The Bush administration exploited this post not only to help promote crucial No Child Left Behind legislation, but to follow up by making schools more accountable for how well their students do--or don't--learn.

Will that emphasis on accountability now intensify? Or will it wither as opponents of dramatic change reclaim lost clout? We trust that Obama instead will make a statement for real improvement.

Voices in support of Darling-Hammond were hard to find in corporate media: There was an op-ed backing her in her local paper, the San Francisco Chronicle (12/12/08), and a couple of prominent letters to the editor--one by Darling-Hammond herself (New York Times, 12/12/08) responding to the Brooks column, and another in the Washington Post (12/11/08):

The claim that Ms. Darling-Hammond represents the "status quo" is ludicrous.... She was the founding executive director of the National Commission for Teaching and America's Future, a panel whose work catalyzed major policy changes to improve the quality of teacher education.
She has been a powerful voice for the fundamental principle that all children deserve a well-prepared and properly supported teacher. She has advocated for strong accountability and has offered thoughtful alternatives--a balanced system of measures to evaluate higher-order thinking skills. And she has urged federal policies that would stop the micromanagement of schools and start ensuring educational equity--an issue only the federal government can tackle. Corporate media have thus far been mostly pleased with Obama's nominations--in large part because the president-elect's moves have been seen as staying close to the media-approved "centrism." (FAIR Media Advisory, 11/26/08).
The media unease with the possibility of a progressive pick for education secretary was dealt with by Alfie Kohn in the Nation (12/29/08):
Progressives are in short supply on the president-elect's list of cabinet nominees. When he turns his attention to the Education Department, what are the chances he'll choose someone who is educationally progressive?

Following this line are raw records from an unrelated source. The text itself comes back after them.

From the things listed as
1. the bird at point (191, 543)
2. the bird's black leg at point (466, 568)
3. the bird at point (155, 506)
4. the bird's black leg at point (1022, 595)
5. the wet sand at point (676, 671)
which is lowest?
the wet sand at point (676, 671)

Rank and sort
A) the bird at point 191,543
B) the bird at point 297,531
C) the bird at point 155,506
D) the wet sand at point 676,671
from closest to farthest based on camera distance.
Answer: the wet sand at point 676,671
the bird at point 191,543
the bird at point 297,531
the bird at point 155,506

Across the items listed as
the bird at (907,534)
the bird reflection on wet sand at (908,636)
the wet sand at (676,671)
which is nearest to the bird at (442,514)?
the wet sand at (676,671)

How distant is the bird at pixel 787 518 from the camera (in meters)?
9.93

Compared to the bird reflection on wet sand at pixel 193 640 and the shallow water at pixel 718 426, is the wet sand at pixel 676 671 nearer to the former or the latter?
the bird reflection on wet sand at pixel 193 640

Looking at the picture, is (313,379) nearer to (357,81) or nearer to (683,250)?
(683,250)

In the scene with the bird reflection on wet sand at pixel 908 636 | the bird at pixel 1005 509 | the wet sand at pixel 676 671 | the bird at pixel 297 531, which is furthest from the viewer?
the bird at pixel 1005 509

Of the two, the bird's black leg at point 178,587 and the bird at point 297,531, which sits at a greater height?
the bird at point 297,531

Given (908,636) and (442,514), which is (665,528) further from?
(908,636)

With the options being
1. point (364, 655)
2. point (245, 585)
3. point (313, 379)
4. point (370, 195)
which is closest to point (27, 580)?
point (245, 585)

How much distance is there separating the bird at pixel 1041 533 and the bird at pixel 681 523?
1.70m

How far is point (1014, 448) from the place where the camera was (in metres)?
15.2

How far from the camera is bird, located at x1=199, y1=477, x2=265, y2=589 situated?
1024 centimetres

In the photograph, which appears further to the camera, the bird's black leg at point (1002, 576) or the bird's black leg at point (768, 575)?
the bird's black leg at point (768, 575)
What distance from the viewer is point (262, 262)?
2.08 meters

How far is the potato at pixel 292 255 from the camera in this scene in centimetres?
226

In fact, just such a person is said to be in the running and, perhaps for that very reason, has been singled out for scorn in Washington Post and Chicago Tribune editorials, a New York Times column by David Brooks and a New Republic article, all published almost simultaneously this month. The thrust of the articles, using eerily similar language, is that we must reject the "forces of the status quo" which are "allied with the teachers' unions" and choose someone who represents "serious education reform."

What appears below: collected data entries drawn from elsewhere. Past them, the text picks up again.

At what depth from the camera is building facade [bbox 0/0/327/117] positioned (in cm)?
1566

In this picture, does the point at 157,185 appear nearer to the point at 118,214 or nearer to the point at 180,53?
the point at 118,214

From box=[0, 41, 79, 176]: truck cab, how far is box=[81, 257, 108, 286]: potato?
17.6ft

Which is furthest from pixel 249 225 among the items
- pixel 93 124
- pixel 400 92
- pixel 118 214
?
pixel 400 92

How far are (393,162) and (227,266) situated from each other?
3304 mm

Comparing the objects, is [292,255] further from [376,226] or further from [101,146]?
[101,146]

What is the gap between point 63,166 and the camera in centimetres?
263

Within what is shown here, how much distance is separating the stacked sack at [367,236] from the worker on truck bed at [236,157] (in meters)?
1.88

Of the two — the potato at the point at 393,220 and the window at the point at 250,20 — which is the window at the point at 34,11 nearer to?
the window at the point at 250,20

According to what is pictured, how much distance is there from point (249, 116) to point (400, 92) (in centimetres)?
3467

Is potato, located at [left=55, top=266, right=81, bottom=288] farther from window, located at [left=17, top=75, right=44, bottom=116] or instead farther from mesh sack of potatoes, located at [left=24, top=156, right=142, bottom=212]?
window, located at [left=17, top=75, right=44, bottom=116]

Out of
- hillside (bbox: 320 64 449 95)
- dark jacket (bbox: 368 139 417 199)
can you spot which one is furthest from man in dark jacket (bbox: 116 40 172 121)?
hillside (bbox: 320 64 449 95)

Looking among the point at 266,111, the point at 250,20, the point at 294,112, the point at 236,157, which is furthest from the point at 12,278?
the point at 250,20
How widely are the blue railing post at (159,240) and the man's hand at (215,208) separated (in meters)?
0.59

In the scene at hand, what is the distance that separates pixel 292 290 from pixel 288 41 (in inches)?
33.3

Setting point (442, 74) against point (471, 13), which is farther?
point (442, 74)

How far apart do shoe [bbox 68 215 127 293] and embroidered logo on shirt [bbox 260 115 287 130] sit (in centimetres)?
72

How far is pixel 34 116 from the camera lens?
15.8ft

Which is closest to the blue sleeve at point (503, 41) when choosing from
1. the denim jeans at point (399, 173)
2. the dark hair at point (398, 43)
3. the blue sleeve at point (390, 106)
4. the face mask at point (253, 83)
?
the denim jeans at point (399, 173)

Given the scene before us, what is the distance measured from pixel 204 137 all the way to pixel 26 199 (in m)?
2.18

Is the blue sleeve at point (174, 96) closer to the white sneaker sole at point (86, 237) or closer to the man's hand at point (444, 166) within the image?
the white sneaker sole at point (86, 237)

One prominent exception to the corporate media's one-sided presentation of the Education nominee search was Sam Dillon's news article in the New York Times (12/14/08). Not only did it avoid caricaturing Darling-Hammond by citing views of both her critics and supporters, the article included some accurate media criticism:

Editorials and opinion articles in the New York Times, the Washington Post and the Los Angeles Times have described the debate as pitting education reformers against those representing the educational establishment or the status quo. But who the reformers are depends on who is talking.

Unfortunately, in most establishment media accounts, only one side has been allowed to do the talking.